2nd Amendment, Scalia and what the Founders meant: Commas, Common Sense and Justice. The question is how to interpret the comma after 'free state.'

it is simply amazing that progressives recognize that every other amendment that says the people is an individual right but somehow the second isnt according to them.
They know they can lie faster than we can disprove them.
They know they can prey upon the emotions of the ignorant.
They know the state cannot have a monopoly on force as the citizenry remains armed.

They are exactly the people the 2nd Amendment was created to protect us from.
 
Is it clear language?

I posted a website that has the debates of the Founding Fathers that says that "bear arms" is synonymous with "render military service" and "militia duty."

In fact different versions of the future 2A had different wording too.

June 8th 1789

"but no person religiously scrupulous of bearing arms shall be compelled to render military service in person."

August 17th 1789

"but no person religiously scrupulous shall be compelled to bear arms."

August 24th 1789

"but no one religiously scrupulous of bearing arms shall be compelled to render military service in person."

So, they went back and forth with this, using "render military service" and "bear arms" to mean the same thing.

In George Washington's SENTIMENTS ON A PEACE ESTABLISHMENT, 1783 he wrote:

"and consequently that the Citizens of America... from 18 to 50 Years of Age should be borne on the Militia Rolls,"

And:

""by making it universally reputable to bear Arms and disgraceful to decline having a share in the performance of Military duties;"

Clearly Washington also saw "bear arms" as the same thing.

Is that not clear?

And I doubt you even understand what I'm writing here.

I'm saying the right to keep arms is the right to own a weapon. And yet here you are saying my argument is about banning guns. Huh?

The right to bear arms is the right to be in the militia.


It's logical. The first words of the 2A are "A well regulated militia", what's the clause about? It's about protecting the militia.

How do you do this?

You prevent the govt from taking away people's guns. So they can use those guns in the militia, or give them to people to use in the militia. But if the government can ban people from being in the militia, then there could be no militia.

As Mr Gerry said in the House in 1789:

"Now, I am apprehensive, sir, that this clause would give an opportunity to the people in power to destroy the constitution itself. They can declare who are those religiously scrupulous, and prevent them from bearing arms."

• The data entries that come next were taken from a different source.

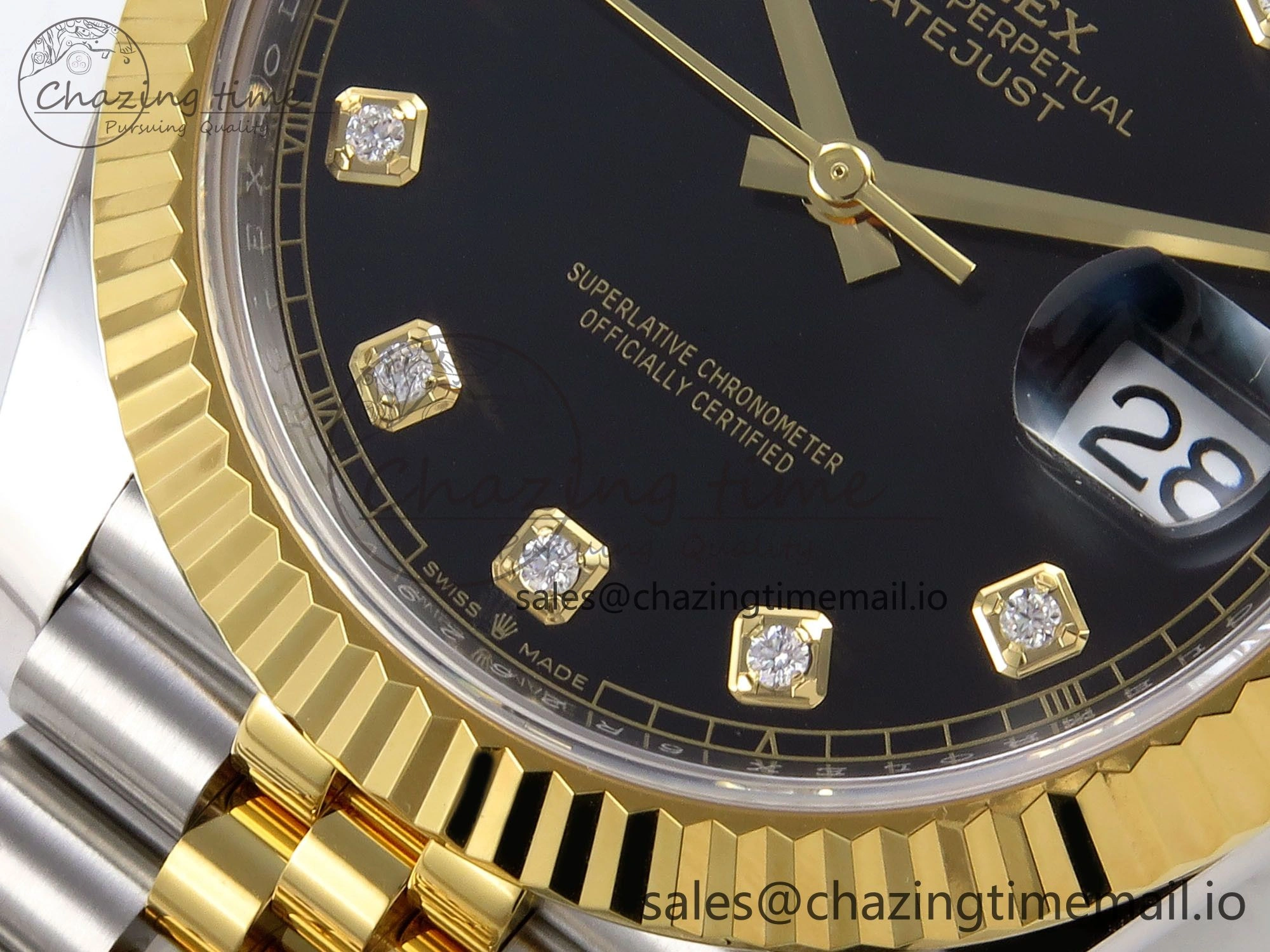 DateJust 41 SS YG ARF 1:1 Best Edition 904L Steel Black Diamonds Dial on Jubilee Bracelet SH3235 (Gain Weight)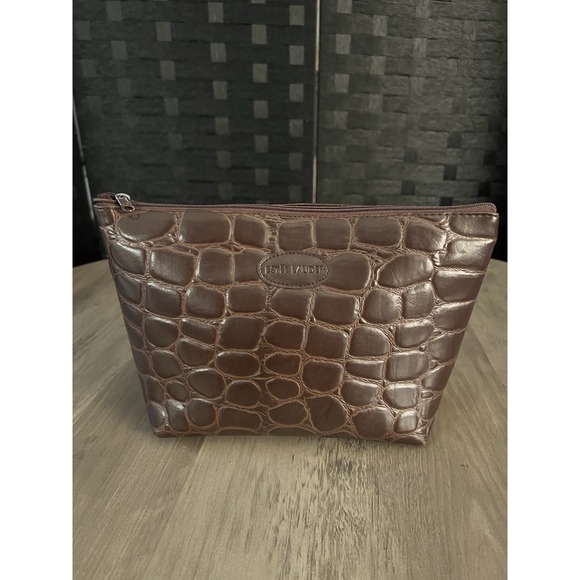 Estee Lauder Handbags - Estee Lauder Faux Leather Animal Skin Brown Cosmetic‎ Bag Makeup Case VGC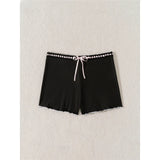 XS - L Bow Mini Shorts Ribbed Bikini Bottom Swim Brief Women Swimwear Female Bather Brazilian Tanga Panties Underwear V6538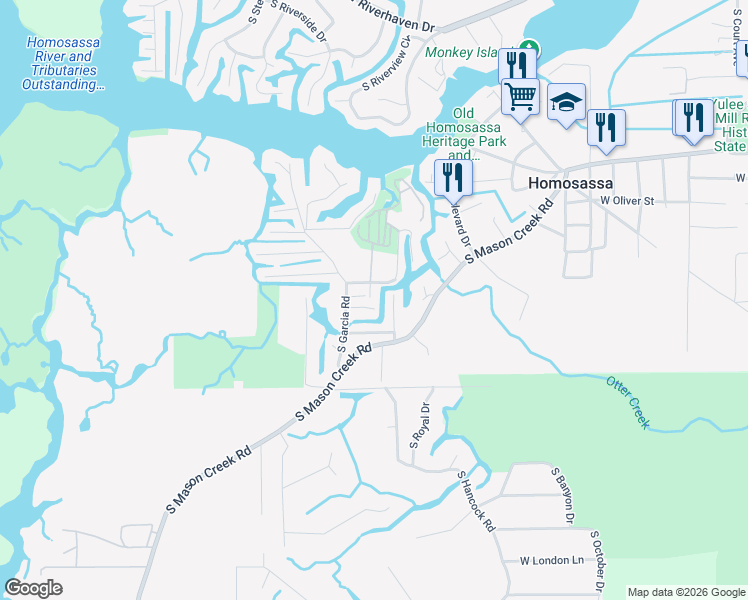 map of restaurants, bars, coffee shops, grocery stores, and more near 38A South Boulevard Drive in Homosassa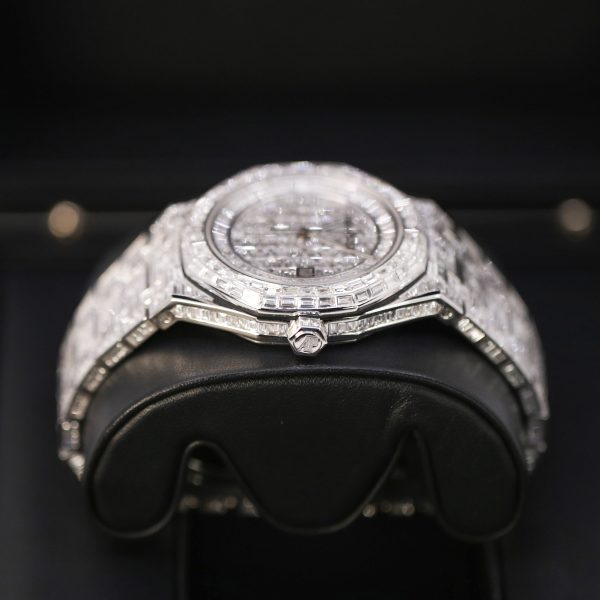 Audemars Piguet Royal Oak 15400st Chandelier Aftermarket Diamonds 18K White Gold 41mm Iced Out Watch - Image 3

He's saying that if they can say people are religiously scrupulous of being in the militia, they can ban whole groups of people, based on their religion, from being in the militia, and therefore destroy the militia as an effective check and balance and therefore destroy the Constitution by having a dictatorship take over.

But you just don't bother to read, or understand, what people post. You've decided already what you think I've said, and you go with that. It's ridiculous.

And the religious exemption for the militia has no bearing on the Right. The Right to keep and bear arms is not dependent on being in a militia. No matter how you try to word salad this issue, the Right is an individual Right.
 
it is simply amazing that progressives recognize that every other amendment that says the people is an individual right but somehow the second isnt according to them.
Who is saying it's not an individual right?

It's amazing that people decide what they think a person is saying without actually reading what they're saying.

We call this "******* STUPID".
 
And the religious exemption for the militia has no bearing on the Right. The Right to keep and bear arms is not dependent on being in a militia. No matter how you try to word salad this issue, the Right is an individual Right.

Get this.
I've not said it's not an individual right.

This isn't the issue we're talking about.

Why on EARTH do you think we're talking about an individual right?

Oh, because that's what happens when you come onto a forum like this. You fight these anti-gun people who tell you it's not an individual right, so you think anyone saying anything you don't like must be talking about it not being an individual right.

I HAVE NOT SAID ANYWHERE THAT THESE TWO RIGHTS ARE NOT INDIVIDUAL.

Post 244

"They made the "organized militia" and the "unorganized militia" so they could have a professional militia in which individuals could not demand to be in, because the "unorganized militia" is where you go if you want to exercise your right to bear arms. And it's very unorganized."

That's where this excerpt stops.